→ **TASK GOAL**
A full, exact copy of the listing is needed, with images omitted.

→ **DATA EXCERPT**
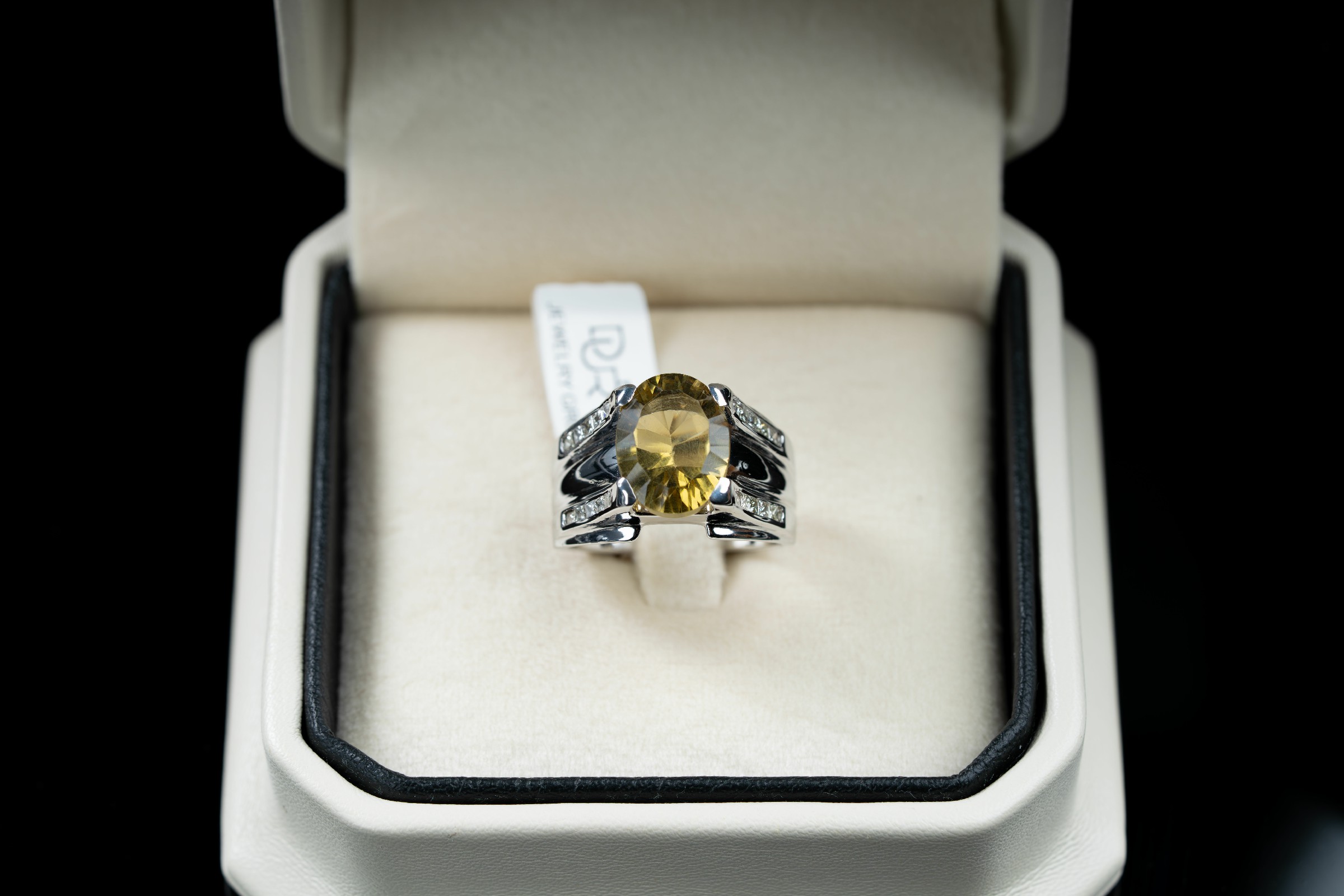 خاتم فاخر من الفضة المٌصاغ يدوياً مع حجر السترين وترصيع الالماس - تشكيلة الرجال, خواتم رجالية, سترين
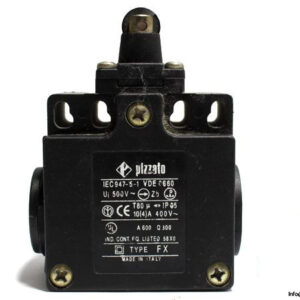 pizzato-fx-915-limit-switch-2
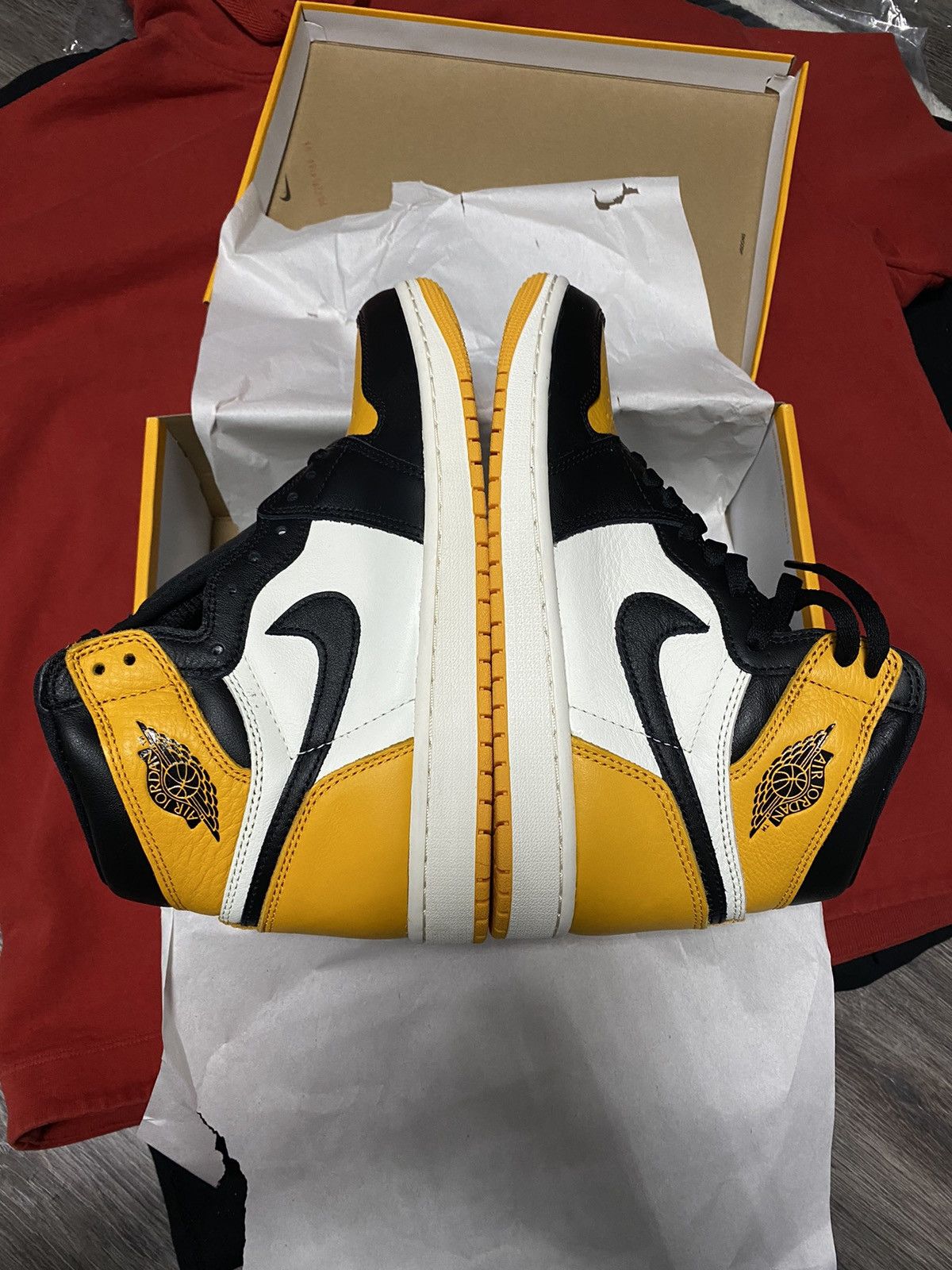 Jordan Brand Nike air jordan 1 retro og high taxi Size US 8.5 / EU 41-42 - 3 Thumbnail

→ **SOLUTION TO THIS EXERCISE**
 خاتم فاخر من الفضة المٌصاغ يدوياً مع حجر السترين وترصيع الالماس - تشكيلة الرجال, خواتم رجالية, سترين
 pizzato-fx-915-limit-switch-2
 Jordan Brand Nike air jordan 1 retro og high taxi Size US 8.5 / EU 41-42 - 3 Thumbnail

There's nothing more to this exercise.